1. The CBA sets forth a multi-level grievance procedure applicable to an allegation that a member “has been adversely affected by a violation of a specific article, section or provision” of the agreement. The procedure is as follows: At “Level I,” the grievant communicates the grievance to the college president or designee; at “Level II,” the grievant may appeal the outcome of the Level I step of the grievance procedure in writing to the chancellor or designee; at “Level III,” the grievant may, “but only with the concurrence and participation” of the union give written notice to the chancellor demanding a fact-finding panel be formed, and this panel shall hold a hearing and make a decision that in some cases, becomes automatically binding; and, at “Level IV,” the grievant may, with or without concurrence of the union, bypass the Level III step of the grievance procedure and appeal the chancellor's decision to the board of trustees.
2. In addition to the DFEH documents, Ortega also attached to his complaint his claim form submitted to the District on May 17, 2004, and the corresponding rejection dated July 1, 2004.
3. It appears Ortega first attempted to amend the complaint in the demotion action to add the termination claims, but the court did not allow him to do so.
4. The District filed a request for judicial notice in connection with its demurrer and motion to strike, requesting judicial notice of the grievance process set forth in the CBA, Ortega's grievance dated April 7, 2004, Ortega's grievance dated June 28, 2005, Ortega's operative complaint in the demotion action, the District's answer in that action, and the order dismissing the demotion action without prejudice for failure to exhaust administrative remedies. The trial court granted this request.

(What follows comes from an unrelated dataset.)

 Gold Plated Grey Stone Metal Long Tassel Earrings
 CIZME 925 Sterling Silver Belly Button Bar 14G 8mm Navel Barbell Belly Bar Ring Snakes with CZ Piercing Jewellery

5. In his grievance, Ortega noted that he was a tenured employee, and not probationary. However, in his opposition to the District's demurrer and motion to strike, Ortega stated that he was a probationary employee and he mistakenly filed the CBA grievance. The CBA states, “No probationary member may use this grievance procedure in any way to appeal discharge or a decision by the Board not to renew his/her contract.”
6. Ortega also attached the District Governing Board's rejection of his claim, dated September 1, 2005.
7. The trial court's decision on the motion followed a hearing in which the court examined only one factual dispute: Did Ortega's grievance include a race-based claim? The court sought offers of proof on this issue, but no agreement was reached by the parties. No evidence on this or any other disputed factual issue was submitted in the hearing.
8. The District notes that Education Code sections 87610.1 and 87611 set forth a statutory method for community college employees to grieve improper evaluations, and such grievances are judicially reviewed under Code of Civil Procedure section 1094.5. The existence of this statutory procedure provides no basis for concluding the fact-finding process provided for in Level III of the CBA is reviewed by mandate. Had Ortega pursued the relief provided for in the Education Code, Johnson and Page might well control the result, but he did not.
9. Ortega made a request for judicial notice in footnote 2 in his opening brief in Ortega v. Contra Costa Community College District (A114313). California Rules of Court, rule 8.252 states that in order to obtain judicial notice by a reviewing court “a party must serve and file a separate motion with a proposed order.” We deny Ortega's request on procedural grounds.
We concur. JONES, P.J., and NEEDHAM, J.